In a message dated 08.12.99 15:05:33 Pacific Standard Time, firstname.lastname@example.org
Silicone grease will keep moisture and air off a surface longer than
another other grease--therefore no corrosion even with dissimilar metals.
Dittos to the comments below. It won't wash off or get hard at low temps.
SS bolts and self tapping screws through tubing need to be coated as well as
the hole with a pipe cleaner or aluminum oxide will form eventually. Use it
on tower joints and coax connectors.
See my comments below.
>From: "Dave D'Epagnier" <DAVED@ctilidar.com>
>Date: Wed, 8 Dec 1999 13:48:08 -0700
>Yes, I know what you're thinking ... aluminum and copper will
>cause corrosion. I thought the same but he assures me that
>corrosion does not occur when this product is used on aluminum,
>stainless or galvanized fittings. I believe him. It's got
>"anti-oxidants and corrosion inhibitors", say the
Both the anti-oxidants and the corrosion inhibitors _are_ the
grease. The function of the grease is to keep the atmospheric
oxygen and any liquid electrolyte from being able to touch any of
the material protected by the grease.
>By the way there is nothing wrong with having a grease carrier.
>A lot of people use Dow Corning Pure Silicone Grease for coax
>cable fittings. It works fine.
This is true.
The issue isn't whether grease is a good idea, the issue is
specifically what kind of grease is appropriate. If the grease
is virtually any of the petroleum based varieties, in my
experience, it will eventually leave the joint - either by
solvent action or by evaporation. Of course, the time required
for damage to occur is _highly_ dependent on the specific
environment that the system is exposed to. Here in Tucson, none
of this is a terribly important consideration even though it
_does_ rain - sometimes (I'm told). But there are many places
where this consideration is critical (coastal areas, acid rain
If the silicone grease is a variety with the right properties, it
will be insoluble in the solvents it is likely to encounter in
your antenna system and it will not evaporate.
In any case, if the grease disappears, any unprotected outdoor
joint which clamps dissimilar metals together is in trouble.

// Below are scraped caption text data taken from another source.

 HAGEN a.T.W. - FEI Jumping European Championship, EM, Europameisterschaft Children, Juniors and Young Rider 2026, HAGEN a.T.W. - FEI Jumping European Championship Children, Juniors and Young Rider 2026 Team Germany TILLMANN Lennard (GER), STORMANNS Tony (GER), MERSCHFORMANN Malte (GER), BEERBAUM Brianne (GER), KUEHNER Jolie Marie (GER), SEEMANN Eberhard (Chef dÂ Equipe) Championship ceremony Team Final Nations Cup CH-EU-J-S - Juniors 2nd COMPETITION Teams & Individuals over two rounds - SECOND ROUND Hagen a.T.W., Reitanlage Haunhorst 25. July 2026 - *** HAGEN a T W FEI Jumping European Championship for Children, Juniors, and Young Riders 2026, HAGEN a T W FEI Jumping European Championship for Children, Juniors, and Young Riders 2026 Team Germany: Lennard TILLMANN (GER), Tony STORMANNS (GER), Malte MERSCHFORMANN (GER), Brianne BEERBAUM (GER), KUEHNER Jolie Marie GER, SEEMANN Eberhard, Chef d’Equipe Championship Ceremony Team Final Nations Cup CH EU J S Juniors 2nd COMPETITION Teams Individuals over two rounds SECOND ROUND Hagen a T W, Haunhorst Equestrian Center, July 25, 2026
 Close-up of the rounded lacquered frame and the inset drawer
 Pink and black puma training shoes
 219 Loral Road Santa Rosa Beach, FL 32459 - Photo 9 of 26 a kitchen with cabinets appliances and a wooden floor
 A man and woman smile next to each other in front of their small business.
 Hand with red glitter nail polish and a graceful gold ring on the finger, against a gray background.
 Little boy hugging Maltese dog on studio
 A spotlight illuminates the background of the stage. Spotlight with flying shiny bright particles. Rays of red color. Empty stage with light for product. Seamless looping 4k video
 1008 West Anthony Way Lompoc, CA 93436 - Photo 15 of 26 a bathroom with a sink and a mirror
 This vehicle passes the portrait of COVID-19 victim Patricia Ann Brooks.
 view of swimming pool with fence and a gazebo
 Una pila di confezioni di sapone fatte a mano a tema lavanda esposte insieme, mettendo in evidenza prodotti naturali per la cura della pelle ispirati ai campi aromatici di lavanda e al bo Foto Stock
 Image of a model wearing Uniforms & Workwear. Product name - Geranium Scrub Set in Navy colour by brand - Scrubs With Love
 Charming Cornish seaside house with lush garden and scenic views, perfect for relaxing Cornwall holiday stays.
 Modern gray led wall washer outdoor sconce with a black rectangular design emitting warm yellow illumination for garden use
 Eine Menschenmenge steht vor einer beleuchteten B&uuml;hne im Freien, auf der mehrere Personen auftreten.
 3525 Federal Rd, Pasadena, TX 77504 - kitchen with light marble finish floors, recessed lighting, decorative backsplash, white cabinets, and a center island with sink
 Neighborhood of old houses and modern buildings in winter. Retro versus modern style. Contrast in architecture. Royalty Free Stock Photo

When clamping aluminum to aluminum, there is absolutely no need
for any kind of filler metal. The grease by itself is good
enough to protect the joint. The joint will be plenty conductive
if the surfaces were cleaned immediately prior to applying the
grease. So why would we want to risk corrosion damage to the
aluminum by including a copper filler metal just in case the
grease _does_ happen to be the "leaving kind"?